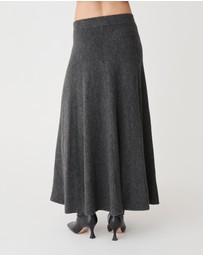 Forcast - Gina A-Line Knit Skirt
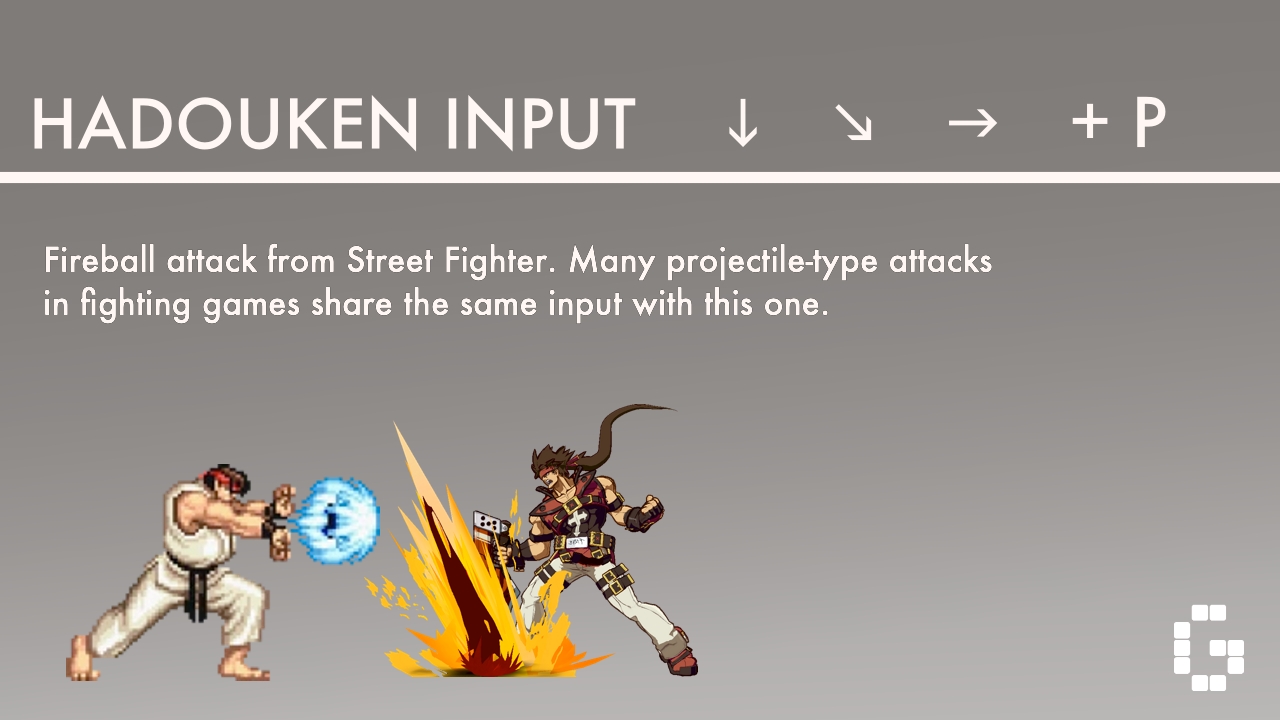 Motion Inputs_Hadouken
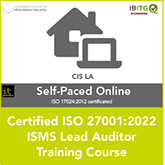 Certified ISO 27001:2022 ISMS Lead Auditor Self-Paced Online Training Course 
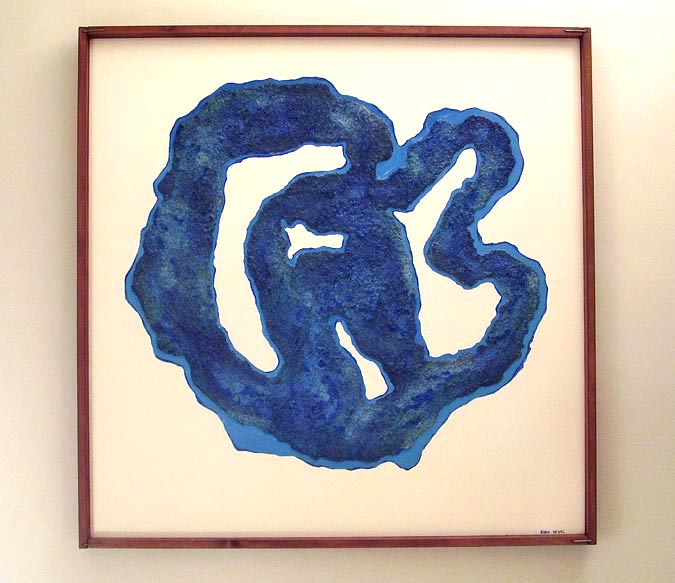 Obra del artista Evan Deval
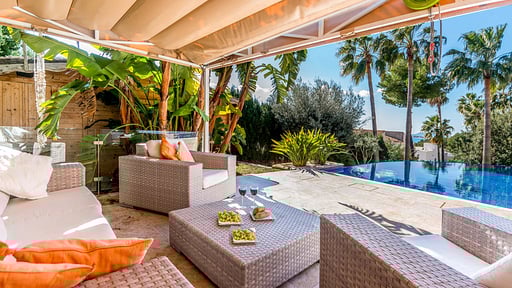 Villa Alca Paradiso Terraza/balcón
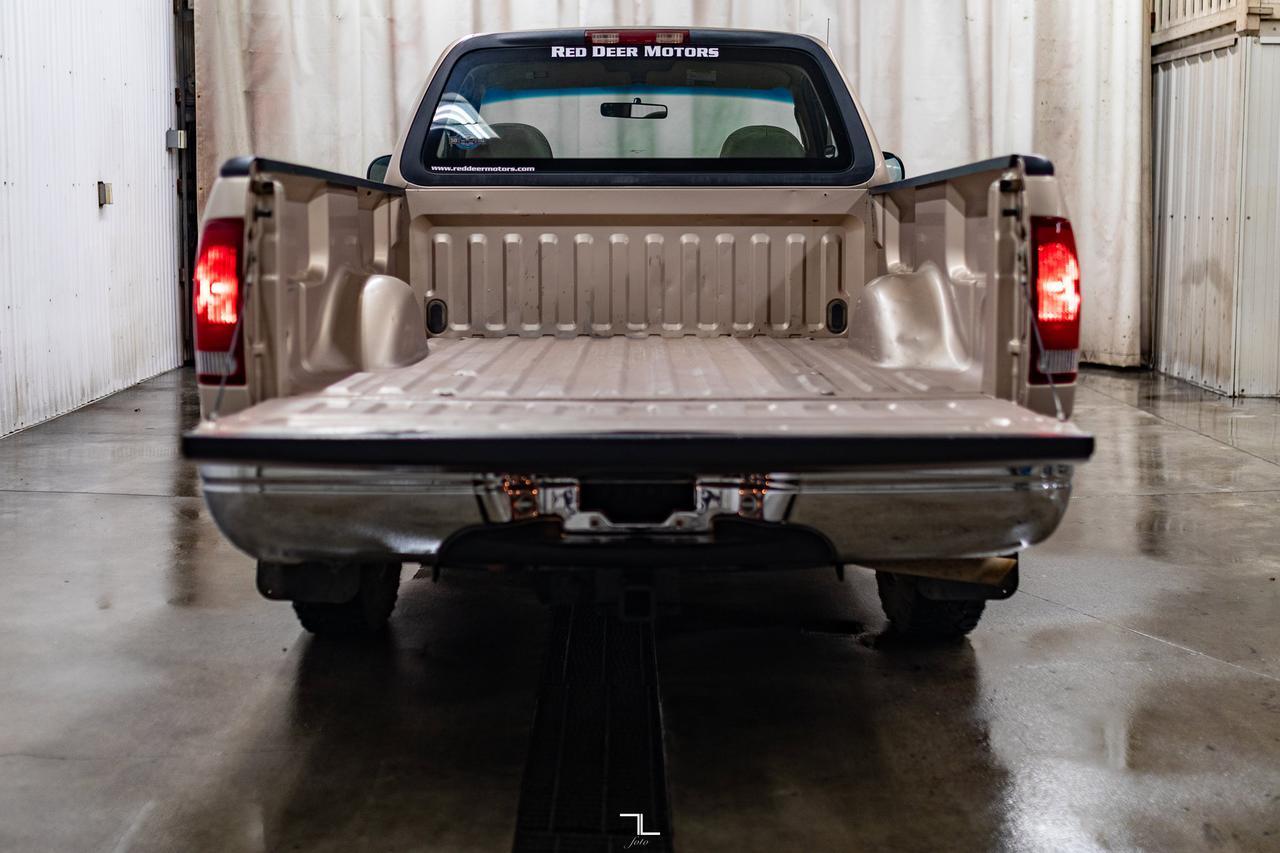 1998 Ford F-150 4x2 Reg Cab XLS Short Box Red Deer AB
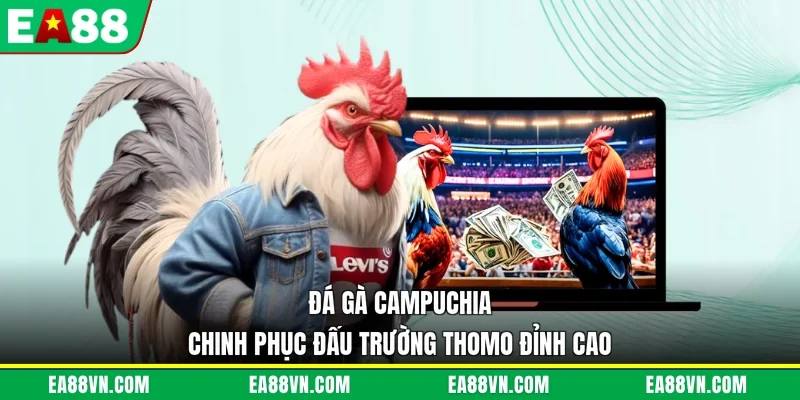 Đá Gà Campuchia - Chinh Phục Đấu Trường Thomo Đỉnh Cao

------

Task instructions:
Transcribe exactly the lines from the one with "Certified ISO 27001:2022" to the last line of the records, both included, so that no picture appears in the copy.

Completed exercise:
 Certified ISO 27001:2022 ISMS Lead Auditor Self-Paced Online Training Course 
 Obra del artista Evan Deval
 Villa Alca Paradiso Terraza/balcón
 1998 Ford F-150 4x2 Reg Cab XLS Short Box Red Deer AB
 Đá Gà Campuchia - Chinh Phục Đấu Trường Thomo Đỉnh Cao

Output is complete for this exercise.